A l’occasion de la commémoration des 200 ans de la naissance de Charles Baudelaire, notons plusieurs livres parus autour de ce poète à compter parmi les plus emblématiques de la poésie française… même s'il n’écrivit finalement pas énormément de vers en dehors de ses célèbres Fleurs du mal (1857).
La collection de poche de Gallimard, Folio, réédite ce chef-d’œuvre littéraire dans une version inhabituelle, sans commentaire ni annotations, mais illustrée de photographies florales par Mathieu Trautmann. Reliure cousue, couverture semi-rigide, typographie anguleuse, vintage et argentée (un côté Dr. Calligari). Ces particularités teintent la (re)lecture de ce classique d’une atmosphère délicatement dérangeante, "gothique", presque vampirique.
Au même format, mais dans une présentation plus habituelle et à petit prix, Folio propose aussi De l’essence du rire (et autres textes), où on découvre Baudelaire critique d’art, commentant les réalisations de caricaturistes qui lui sont contemporains, tels Daumier, Gavarni, Hogarth ou encore Grandville… qu’il n’épargne pas ! La personnalité volontiers acerbe, provocatrice, souvent détestable qu'il affiche donne d’autant plus de crédit à une biographie romancée et truculente que lui consacre Jean Teulé. Elle s'intitule Crénom, Baudelaire !, en référence à la seule exclamation que le poète était encore capable d'articuler avant de rendre l'âme, et c'est paru aux éditions Miallet-Barrault. Une très bonne version en livre audio, lue par l'acteur Dominique Pinon, a quant à elle été publiée par Gallimard.
Ancien journaliste, bédéiste et actuellement écrivain, Teulé n’en est pas à son premier coup d’essai dans ce type d’exercice, puisqu'il a déjà consacré des bouquins à Rimbaud, Verlaine ou encore Villon… Les puristes reprocheront au romancier d’encore une fois forcer le trait pour donner à son sujet un parfum de scandale contemporain. Mais à la fois, les éléments sulfureux véridiques ne manquent pas dans la vie de Baudelaire, véritable punk avant la lettre, excentrique dans ses looks, excessif dans sa consommation de drogues, pervers dans ses rapports avec les femmes. Jean Teulé s'empare de ces éléments et comble bien sûr les trous de l’Histoire avec des scènes à l'avenant. Celles-ci ont donc possiblement existé, cohérentes avec les documents d'archives et témoignages dont nous disposons, mais sont quand même issues de son imagination. Et l'imagination de Teulé se délecte de ce qui est outrancier, drôle et grinçant. Il restitue de manière très crédible la personnalité aussi haute en couleurs que peu affable de Charles Baudelaire, au point que, comme ses amis, on s’y attache, par curiosité ou par pitié. Et puis il y a la non-moins importante réinvention de Jeanne Duval, cette métisse dont on ne sait pratiquement rien, sinon qu'elle fût sa muse et compagne... avec qui tout fût compliqué et évidemment rien ne pût être officialisé.

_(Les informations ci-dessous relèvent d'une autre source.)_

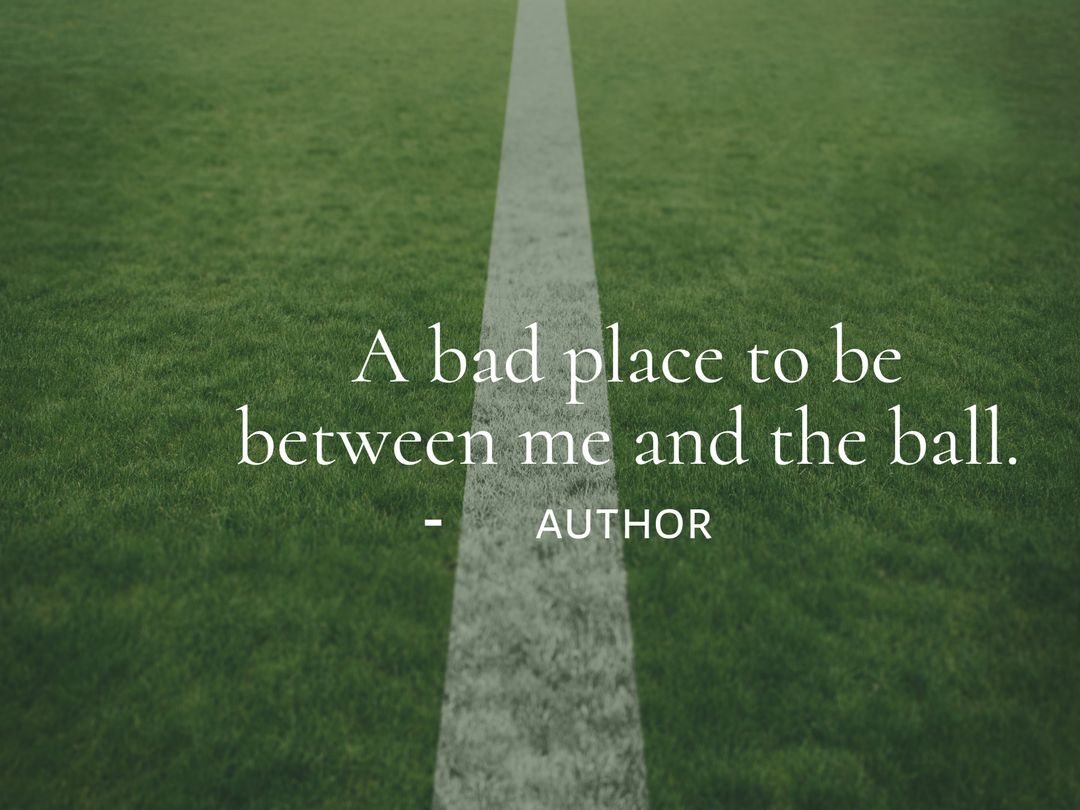 Motivational Sports Quote on Lush Green Field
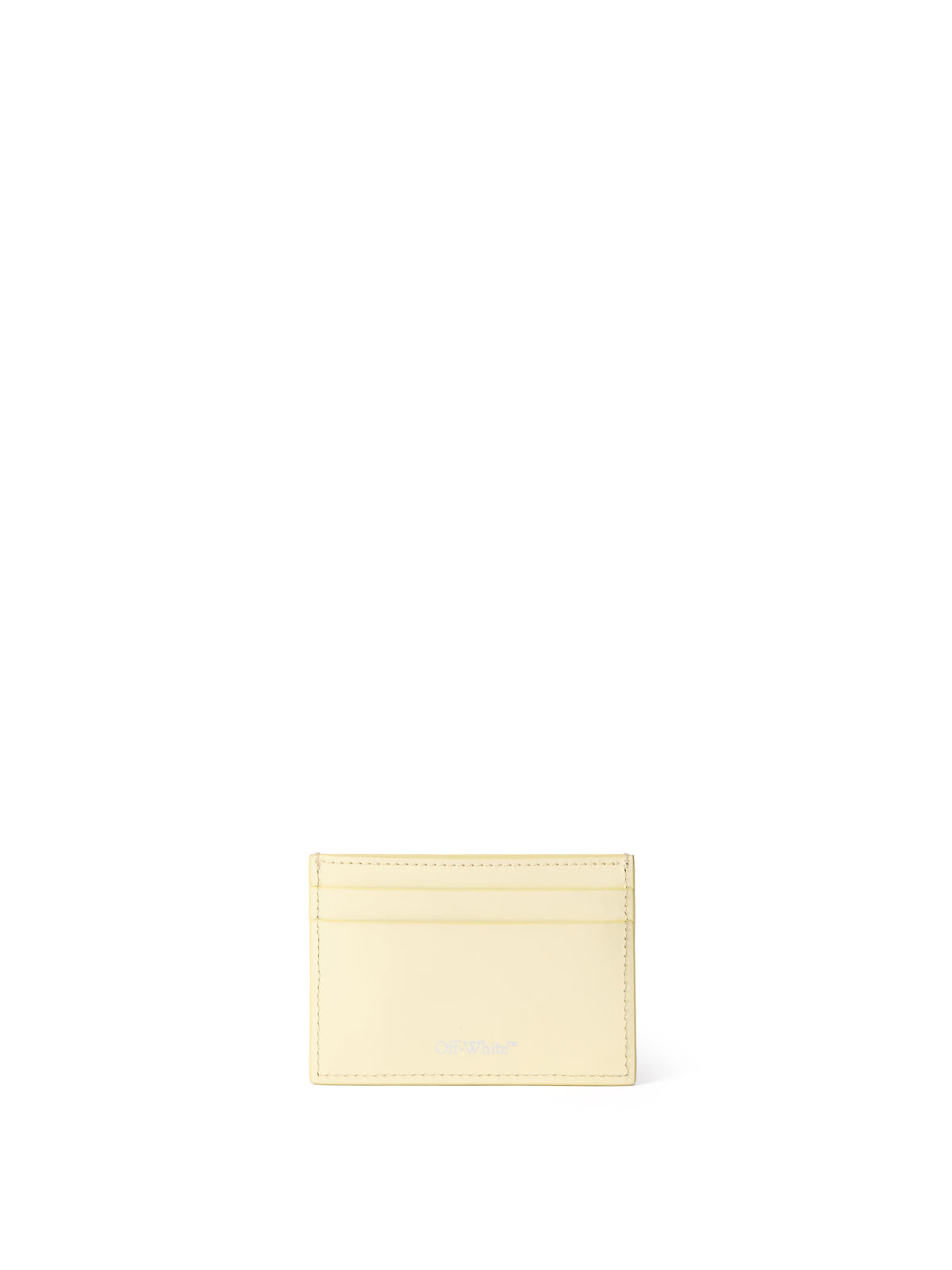 OFF WHITE Jitney Quote Card Case DOUBLE CREAM - DOUBLE CREAM OWND027F25LEA001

Dans un autre ouvrage, une bande dessinée cette fois, Bernard Yslaire lui aussi se penche sur cette idylle, rendant - dès le titre - justice à cette dame qui inspira tant de poèmes puissants. Celle qui est surnommée ici Mademoiselle Baudelaire semble particulièrement stimuler le créateur de Sambre et du Siècle d’Eva. Jeanne Duval revêt ici une identité différente, moins ingrate, que la vision qu'en donne le roman Crénom, Baudelaire !. Contrairement à Teulé aussi, Yslaire n'use d'aucun humour - ni noir, ni jaune - mais bien de ce don, une fois de plus, de magnifier un amour tragique et des vies sordides grâce à la sensualité (torride), l'esprit romantique (au sens littéraire) et la beauté formelle de ses pages.
Mademoiselle Baudelaire est édité dans la collection Aire Libre des éditions Dupuis.